WHAT IS REQUIRED: Please state how many lines in the records contain the string "Large", with no words besides the number.

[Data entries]
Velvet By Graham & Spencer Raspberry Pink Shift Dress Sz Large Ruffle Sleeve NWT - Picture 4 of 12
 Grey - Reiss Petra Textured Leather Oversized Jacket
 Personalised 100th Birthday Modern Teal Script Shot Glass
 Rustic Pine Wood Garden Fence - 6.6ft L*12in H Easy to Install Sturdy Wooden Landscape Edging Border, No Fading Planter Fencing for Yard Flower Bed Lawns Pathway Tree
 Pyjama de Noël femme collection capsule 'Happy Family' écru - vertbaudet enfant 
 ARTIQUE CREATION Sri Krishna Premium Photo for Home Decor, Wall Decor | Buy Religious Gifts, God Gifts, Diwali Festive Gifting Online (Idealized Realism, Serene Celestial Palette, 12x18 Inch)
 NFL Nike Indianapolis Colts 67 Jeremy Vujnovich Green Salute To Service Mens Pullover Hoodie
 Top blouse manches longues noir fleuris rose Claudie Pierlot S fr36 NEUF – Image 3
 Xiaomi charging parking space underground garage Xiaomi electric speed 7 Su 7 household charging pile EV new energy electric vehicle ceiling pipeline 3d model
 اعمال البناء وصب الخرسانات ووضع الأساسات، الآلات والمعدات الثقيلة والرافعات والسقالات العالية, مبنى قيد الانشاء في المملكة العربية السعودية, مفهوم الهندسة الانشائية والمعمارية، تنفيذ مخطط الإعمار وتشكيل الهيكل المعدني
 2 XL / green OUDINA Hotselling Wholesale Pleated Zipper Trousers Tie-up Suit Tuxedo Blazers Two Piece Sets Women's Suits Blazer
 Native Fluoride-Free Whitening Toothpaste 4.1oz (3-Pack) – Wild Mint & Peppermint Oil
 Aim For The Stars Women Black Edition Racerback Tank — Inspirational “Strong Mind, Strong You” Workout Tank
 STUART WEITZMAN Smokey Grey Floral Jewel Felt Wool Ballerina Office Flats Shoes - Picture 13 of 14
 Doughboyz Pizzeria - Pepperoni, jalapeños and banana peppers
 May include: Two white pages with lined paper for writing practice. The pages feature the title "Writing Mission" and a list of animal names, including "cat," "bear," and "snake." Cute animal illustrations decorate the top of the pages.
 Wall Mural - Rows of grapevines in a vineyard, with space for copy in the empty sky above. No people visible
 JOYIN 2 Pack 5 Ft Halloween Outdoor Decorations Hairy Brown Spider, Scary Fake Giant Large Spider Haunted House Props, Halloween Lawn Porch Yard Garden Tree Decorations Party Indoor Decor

SOLUTION FOR THIS TASK: 2